In the previous tutorial, we took a quick tour of vector databases and listed the features an ideal vector database should implement. We then compared vector databases to vector search libraries[1] and vector search plugins[2]. Through example code, we found that neither vector search libraries nor vector search plugins fulfill all of the features required to store, index, and search across large datasets of unstructured data. This prompted us to go over some of the technical challenges vector database developers face.
Milvus history
Milvus development began in 2018 at Zilliz, making it the world's first open-source vector database. Milvus' initial conception was infrastructure which could be used to build and scale search applications; as such, Milvus was initially intended to be a Google/Bing for unstructured data. Although vector indexes and search strategies were prevalent at that time, vector databases were still a relatively unknown concept. During this process, the Milvus community discovered that Milvus had the potential to be significantly more than what we originally intended it to be.
As we developed Milvus, we refined the concept as a combination of search, storage, and indexing, making it a full-fledged managed database. In November of 2019, we open-sourced Milvus under the Apache 2.0 license and released to the general public as the first widely available vector database solution. Milvus during its v0.6 release was mostly single-instance and supported only a handful of indexes.
In March 2020, Milvus joined the LF AI & Data Foundation, a nonprofit organization under the broader Linux Foundation umbrella. With help from the LF AI & Data Foundation, the Milvus community has been able to reposition itself as a database for the AI era, while also helping engage with the broader open-source community. While with LF AI & Data, Milvus continues to receive constant updates from both Zilliz as well as the broader open-source community.

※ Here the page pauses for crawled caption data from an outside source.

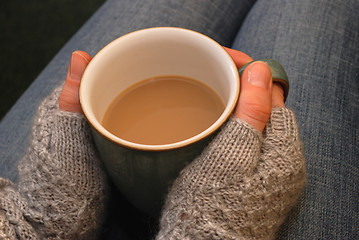 Image showing A woman in a cosy jumper holds a cup of tea or coffee on her lap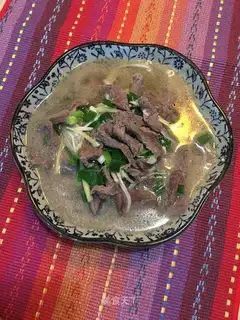 Golden pins and mushroom beef soup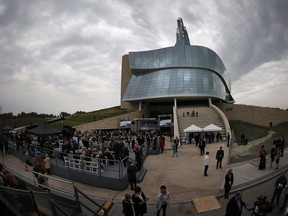 Guests gather at the grand opening of the Canadian Museum For Human Rights in Winnipeg on Friday, Sept. 7, 2014. The museum has laid out a plan to move forward after allegations of racism, homophobia and censorship.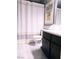 Modern bathroom features a white shower curtain with geometric details, stylish vanity, and tasteful decor at 3151 Soaring Gulls Dr # 2035, Las Vegas, NV 89128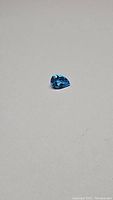 Close-up photo of a pear-shaped blue Swiss Blue Topaz gemstone on a plain surface, showing the vibrant blue color and facets.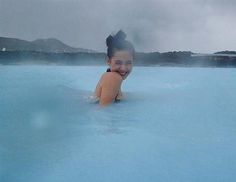 a woman is smiling in the middle of a blue lagoon with mountains in the background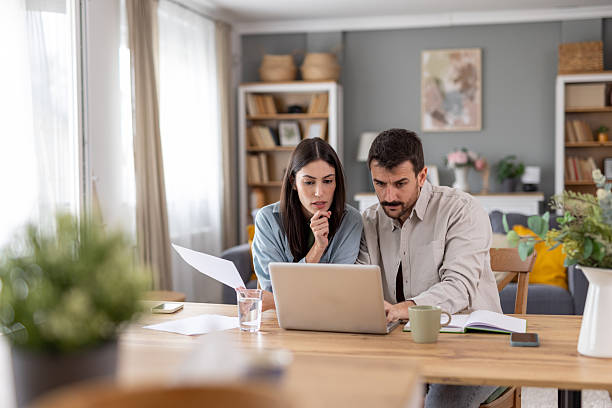 istock Focused couple reading documents on laptop at home. 2236641170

That same year, our first full-length academic paper was accepted into ACM SIGMOD 2021 - one of the world's premier database conferences. We also began working on a fully distributed, cloud-native version of Milvus, aptly named Milvus 2.0. We'll dive deeper into Milvus 2.0 in the next section.

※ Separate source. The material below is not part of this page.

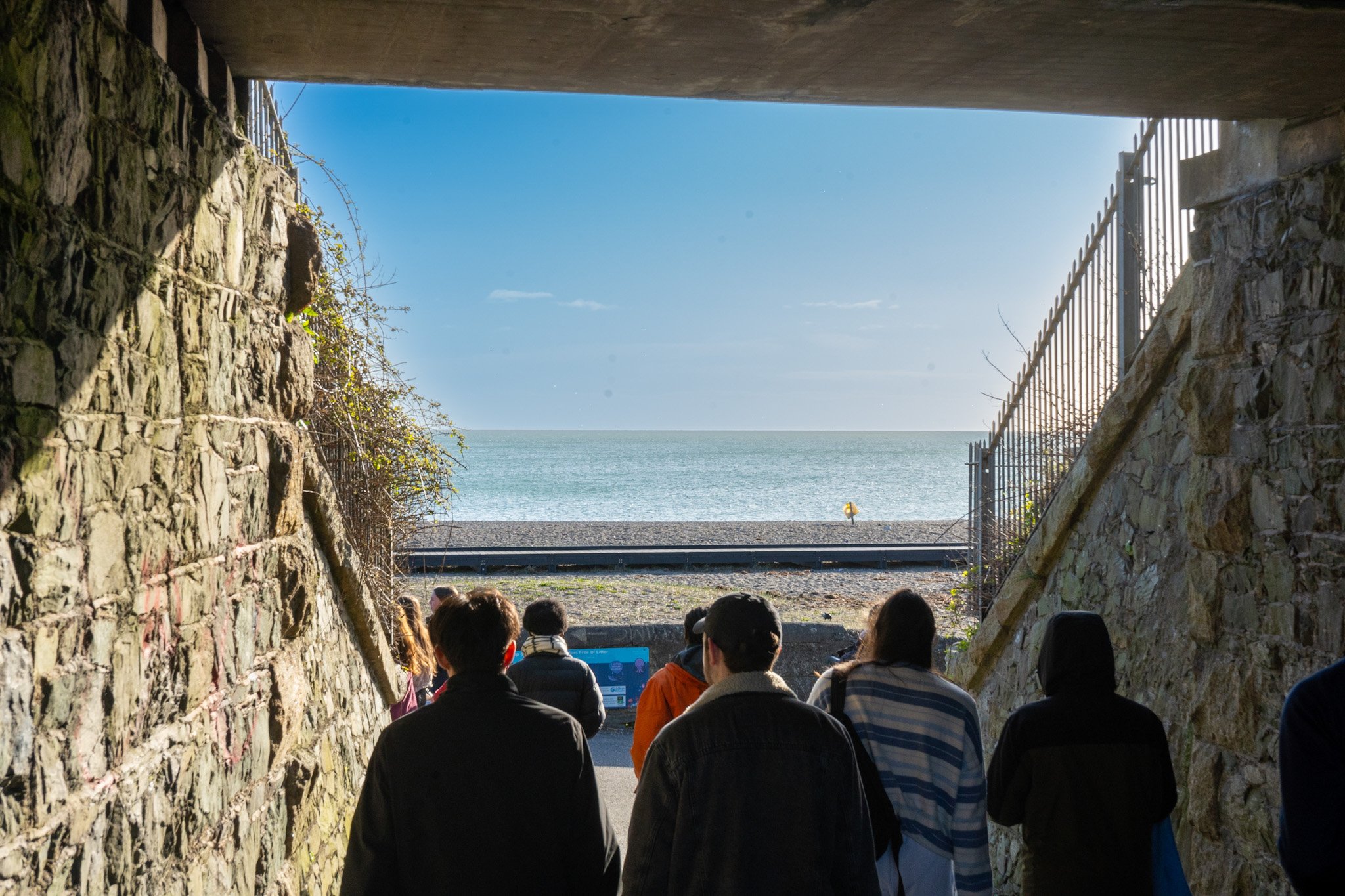 People sitting under a tunnel looking out at the ocean and sky.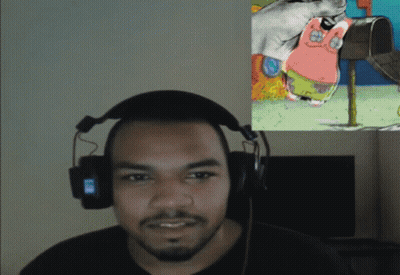 Man With Headphones Looking At Patrick Star GIF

Milvus is one of the first and foremost vector databases most developers think of when discussing vector databases. A big reason for this is Milvus' rich history - a continuously evolving history that we hope you will one day be a part of!
Milvus 2.x
We'll continue the topic of Milvus history by discussing Milvus 1.0 (1.x) and 2.0 (2.x) along with the major differences between them.

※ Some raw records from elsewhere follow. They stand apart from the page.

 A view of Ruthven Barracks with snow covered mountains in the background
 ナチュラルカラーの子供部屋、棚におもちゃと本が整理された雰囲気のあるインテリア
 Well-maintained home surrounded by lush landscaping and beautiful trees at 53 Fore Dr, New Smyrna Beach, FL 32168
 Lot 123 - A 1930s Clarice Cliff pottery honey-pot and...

Milvus 1.0 was released in March 2021 as the first major Milvus release. This version was built atop the previous releases, and supported a number of similarity metrics (Euclidean/L2 distance, Hamming distance, Jaccard similarity, etc) along with multiple ANN indexes (FAISS, HNSW, ANNOY, and standard inverted indicies). Horizontal scaling was accomplished through a feature called Mishards, and storage was achieved through either local storage or NFS. Milvus 1.0 also supported fast indexing and querying through general purpose computing processors used by machine learning engineers, including NVidia GPUs and Xilinx FPGAs.
The first version of Milvus 2.0 was released in June 2021, the same month that Milvus became a graduate of the LF AI & Data Foundation. Unlike Milvus 1.x, Milvus 2.x's architecture is a fully cloud-native architecture, scalable to hundreds of individual nodes with a target availability/uptime of 99.9%. Also in contrast with Milvus 1.x, Milvus 2.x incorporates multiple levels of data consistency, enabling maximum flexibility when it comes to application development. Milvus 2.x also supports a number of other advanced features, such as multi-cloud integration, an administrative console (via Zilliz's Attu), and a feature called time travel (no, Milvus is not a time machine). These accomplishments along with the community's impact in the field of machine learning and vector databases was recognized in VLDB 2022, another of the field's top-tier academic conferences. You can read our VLDB 2022 paper.
If you're looking for a vector database to use for your application, we strongly recommend Milvus 2.x. Milvus 2.x is a completely novel vector database system/solution (when compared with Milvus 1.x) - it is highly available, scalable, and distributed. Due to these architectural advancements, Milvus 1.x has been officially deprecated.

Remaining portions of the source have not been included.